Ben Shimkus, a reporter at Business Insider, tried to simulate his own data center in the new 'Data Center' demo game. It didn't go particularly well.
  • I demoed 'Data Center,' an upcoming PC simulator game. It was humbling.
  • Box CEO Aaron Levie jokingly called the game "Madden" for techies.
  • I found it to be a detailed simulation of working at a data center, but I won't be switching careers.

I began my virtual career in the data center industry, standing next to a commercial-sized trash receptacle.

The room was fluorescent-lit and aggressively gray. A platform trolley sat nearby. There was a lounge area right next to the trash (an interesting touch!), and I had $30,000 in fake money to spend.

This is how "Data Center," an upcoming PC game by indie developer Václav Novák, introduces players to the fastest-constructing sector in America.

Some Silicon Valley insiders have already discovered the game. On X, Box CEO Aaron Levie called it the tech industry's version of "Madden," the NFL's long-running video game franchise.

As a '90s kid who grew up on "Madden," that comparison felt like a challenge: Could I manage the digital infrastructure powering the AI boom?

If my time playing the game's demo is any indication, I'm not changing my industry anytime soon.

My gameplay: Overwhelmed

'Data Centers' starts gamers out with an empty server room (seen above) and a computer.

The goal of "Data Center" is straightforward in theory: buy racks, install servers, run cables, configure networking, and connect clients to computing power.

If everything is wired correctly, experience points climb, reputation rises, and more customers want what you're selling.

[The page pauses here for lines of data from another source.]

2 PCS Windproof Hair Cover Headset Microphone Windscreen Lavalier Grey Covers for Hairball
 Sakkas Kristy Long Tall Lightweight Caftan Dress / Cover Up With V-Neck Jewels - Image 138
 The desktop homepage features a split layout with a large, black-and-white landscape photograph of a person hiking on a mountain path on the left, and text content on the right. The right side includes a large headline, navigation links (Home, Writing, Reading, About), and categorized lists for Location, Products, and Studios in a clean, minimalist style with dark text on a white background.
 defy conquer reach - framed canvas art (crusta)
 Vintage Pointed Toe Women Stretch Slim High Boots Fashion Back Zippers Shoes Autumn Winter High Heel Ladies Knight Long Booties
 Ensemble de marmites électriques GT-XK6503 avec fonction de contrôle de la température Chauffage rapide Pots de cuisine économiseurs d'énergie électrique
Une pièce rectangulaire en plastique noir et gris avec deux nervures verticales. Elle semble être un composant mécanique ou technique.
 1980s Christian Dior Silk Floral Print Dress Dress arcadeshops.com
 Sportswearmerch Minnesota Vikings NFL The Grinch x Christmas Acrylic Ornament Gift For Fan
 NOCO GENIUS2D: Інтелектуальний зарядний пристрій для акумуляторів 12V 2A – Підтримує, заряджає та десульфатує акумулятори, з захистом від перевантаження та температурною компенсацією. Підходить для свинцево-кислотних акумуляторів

I followed the block of yellow text in the left-hand corner of the screen, which told me every step I should take. I also flicked through the pamphlet-like tutorial screen for further (read: much-needed) guidance.

Byte Blvd didn't give me a promotion, unfortunately.

After 30-ish minutes of fits and starts, I began shopping for aluminum frames, CAT6E cables, and something called an SFP RJ45. I bought one of each and hoped that counted as a winning strategy.

My first client, a fictional company called Bermuda Triangle Backup, needed storage and 5,000 IOPS.

Uh oh. I did not know what IOPS stood for. I installed servers anyway.

Eventually, after several false starts, tangled wiring, and a fair amount of hurriedly dashing across the concrete floor, I connected the company to its machine.

White bubbles began flowing along the cables I'd strung between racks, a visual representation of data moving through the system.

For the first time, I could see "the cloud." My XP climbed past 60.

Still, my reputation remained at zero. That felt like an accurate performance review.

'It nails the tactile basics'

A few, sparse white dots streamed through my gray wiring lines. That was the extent of my data center-building capacity.

The game has some growing to do, which Novák readily admits.

"I have not even finished the game yet," he told Business Insider. "I thought it would be cool to see data flowing in-game. And that is about it."

The full game has a scheduled release date of March 31.

Even in demo form, though, the simulation forces players to grapple with industry basics: racking positions, cable management, network configuration, and storage limits.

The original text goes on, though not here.